■ **Exercise goal**:
Your answer should hold only the lines from the one containing "HERMA 19756 Protège-cahier 1 pièce(s) Violet" through the last line below, copied exactly; pictures stay out.

[Short text fragments from websites]

---

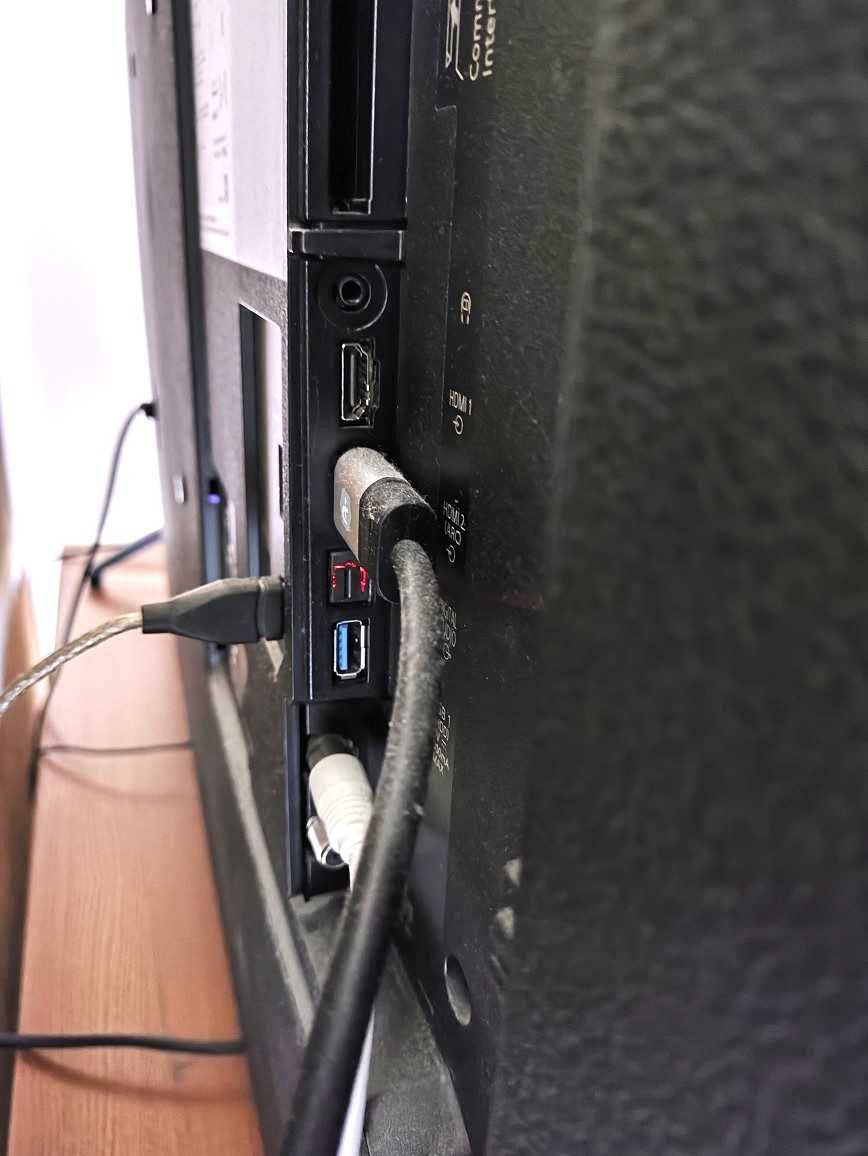 49" Panasonic TX-49FX700E, Ultra HD, 3840 x 2160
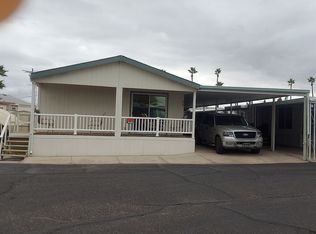 3520 Needles Hwy #52, Needles, CA 92363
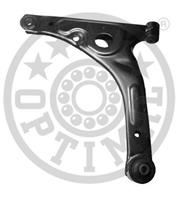 Рычаг подвески передней слева Ford Transit 00-06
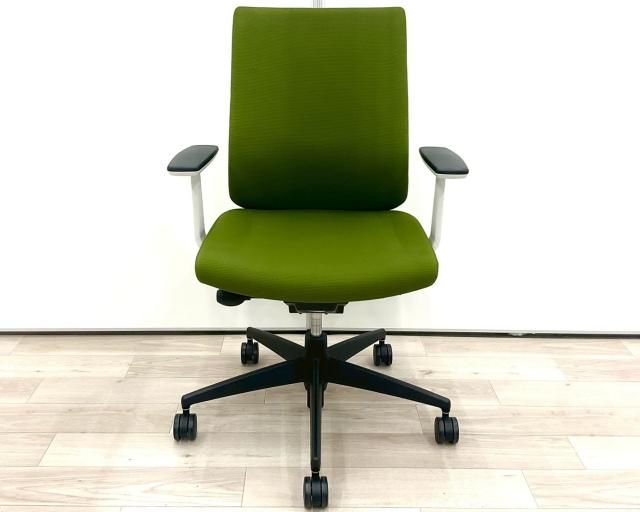 中古]コクヨ（KOKUYO）製 ウィザード2CRS-G1822E1！[KC] - メルカリ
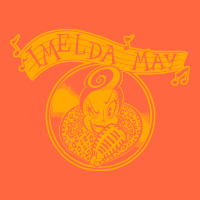 Imelda May Müsic Premium Hoodie | Teevron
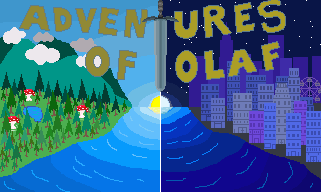 Main menu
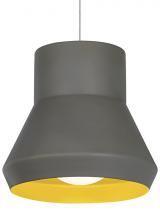 VC Modern TECH Lighting 700TDMLOGC - Milo Pendant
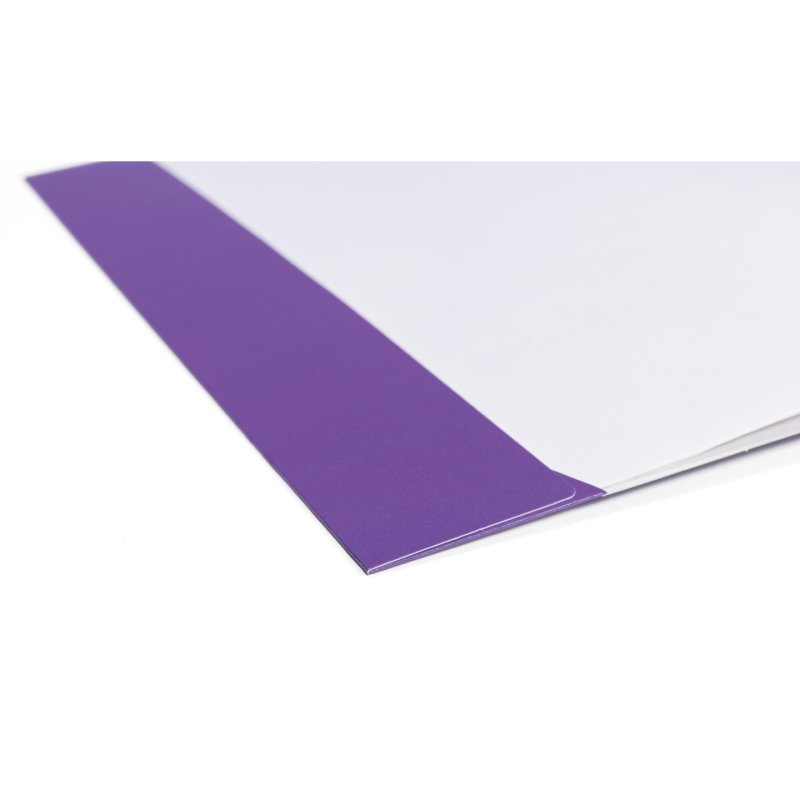 HERMA 19756 Protège-cahier 1 pièce(s) Violet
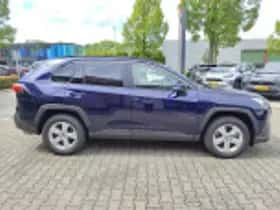 Toyota RAV4 (2021) thumbnail 43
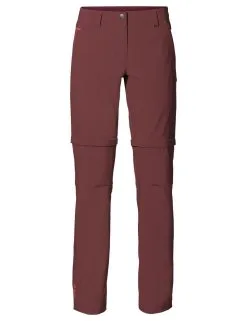 Skomer II Pantalon Dézippable Femmes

---

■ **Solution**:
 HERMA 19756 Protège-cahier 1 pièce(s) Violet
 Toyota RAV4 (2021) thumbnail 43
 Skomer II Pantalon Dézippable Femmes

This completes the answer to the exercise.